Evitar las crisis y quiebras en efecto si es posible. Para ello es necesario trabajar conjuntamente con los reguladores y los empresarios. Es que a ninguna de las partes le conviene que existan fracasos empresariales. Cuando una compañía se quiebra, no sólo se quiebra la compañía sino que coadyuva con el desempleo por un lado y por otro deja de generar recursos no sólo para sus dueños sino para el Estado, pues deja de pagar impuestos. Así las cosas, es necesario que tanto el Estado como los empresarios construyan conjuntamente momentos de intervención. Estoy convencido que estos momentos son ahora.

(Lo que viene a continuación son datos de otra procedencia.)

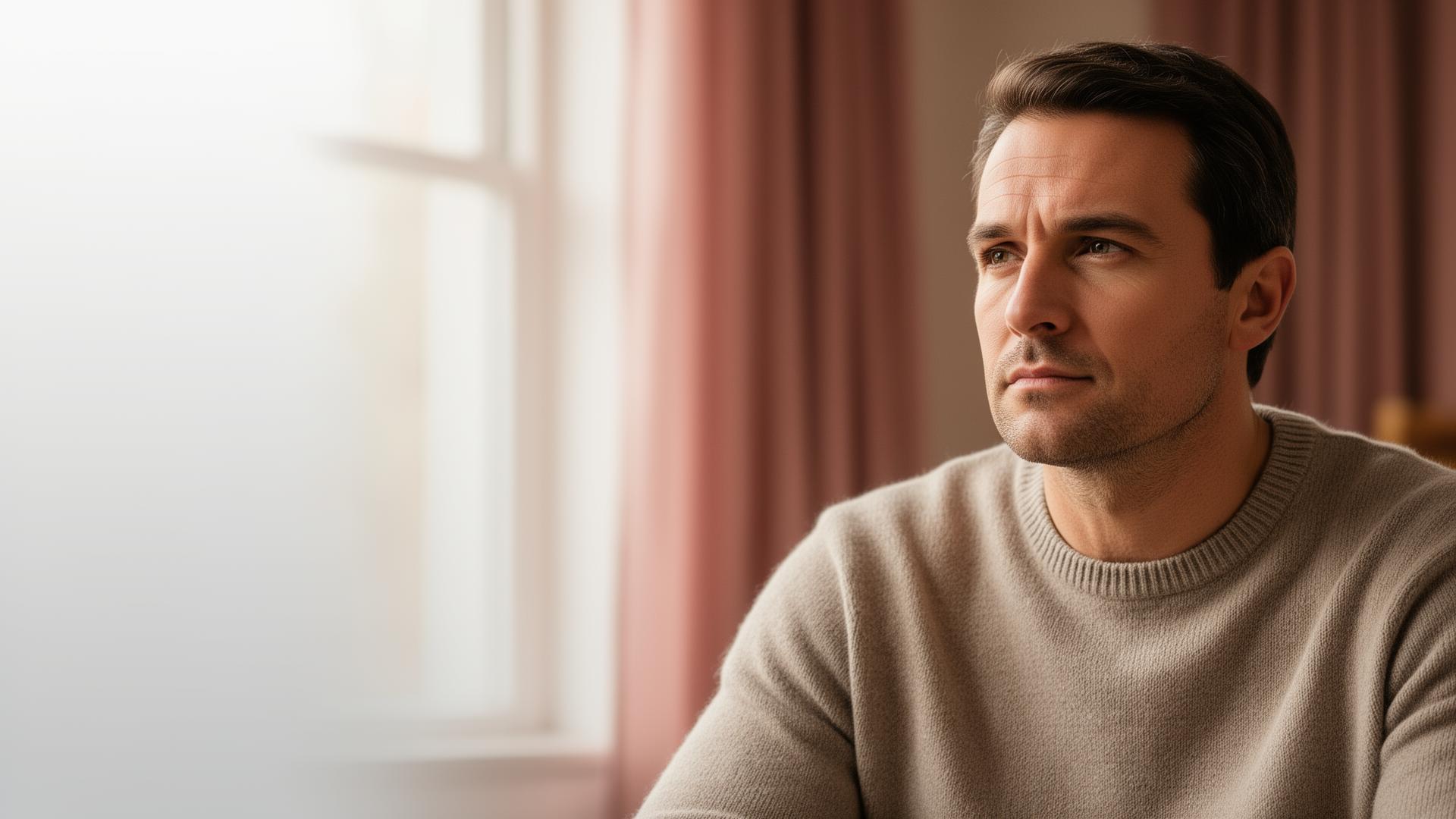 A professional sitting by a window, reflecting on a career change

Lograr identificar los puntos de intervención, son entonces la obligación, no sólo de los emprendedores y empresarios, sino del Estado. Una solución sugerida es generar espacios en los que tanto las entidades de supervisión y vigilancia del Estado como los empresarios establezcan planes de monitoreo por sectores de la economía. Con esto, se podrán identificar desde el contexto del sector cuáles son los asuntos que deberían ser objeto de mejora por parte del Estado y que las empresas propongan soluciones. Por el lado de las empresas es necesario que inviertan en procesos de innovación y promuevan el emprendimiento corporativo. Con esto se podrá evitar el fracaso empresarial y prolongar la longevidad de la empresa.